I visited a tiny, one room library that was more than one hundred years old today. And while one hundred years isn’t really old compared to libraries in other parts of the world, it struck me while I breathed in musty air and admired the artistry that often embellishes antique books, how many ideas and stories are housed in that tiny place now silenced waiting for the yellowed pages to be carefully turned again. I recognized a few authors, but most I didn’t. I opened several, read a few lines, and tried to connect my limited memory of American History with the copyright dates.
A century is more than enough time for a country to radically change. Within a century families see great, great grandchildren born and with them ideas, theories, doctrines all aptly developed and soon considered old fashioned after what seems just a few moments.

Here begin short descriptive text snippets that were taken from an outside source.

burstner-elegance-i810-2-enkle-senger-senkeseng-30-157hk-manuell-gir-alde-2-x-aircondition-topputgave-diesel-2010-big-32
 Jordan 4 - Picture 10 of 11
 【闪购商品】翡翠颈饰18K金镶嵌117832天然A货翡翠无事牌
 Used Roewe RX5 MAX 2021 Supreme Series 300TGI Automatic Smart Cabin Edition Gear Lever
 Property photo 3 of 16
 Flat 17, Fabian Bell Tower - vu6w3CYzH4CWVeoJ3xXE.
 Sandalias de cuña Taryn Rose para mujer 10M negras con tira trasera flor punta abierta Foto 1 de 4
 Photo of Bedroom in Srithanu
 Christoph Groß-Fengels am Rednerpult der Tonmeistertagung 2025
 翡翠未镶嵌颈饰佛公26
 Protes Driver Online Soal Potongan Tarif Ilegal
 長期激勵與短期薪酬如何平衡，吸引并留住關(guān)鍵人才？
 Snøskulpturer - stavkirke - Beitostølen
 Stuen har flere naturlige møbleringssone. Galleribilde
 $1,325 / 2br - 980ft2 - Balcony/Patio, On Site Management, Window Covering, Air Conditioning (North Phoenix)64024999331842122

My grandparents were born more than a hundred years ago, and I wish I could sit and understand them more now as I witness how quickly our life pages yellow with age.
Truly, the ideas, dreams, and stories found within mankind don’t really change at all. Sure technology advances and architecture ebbs and flows like fashion, but love is the same, justice is still required, family is still paramount to the health of a community, and the value of a person to those who love them is still immeasurable.
Our lives are merely a vapor, and it is our duty to live them well. Not for our own selfish pleasures, but lived so that when all that remains of us is a yellowed memory on a shelf, the pages of our life still speak in truths understood to the readers hundreds of years later. Did we love? Did we speak for justice? Did we live a story worth reading?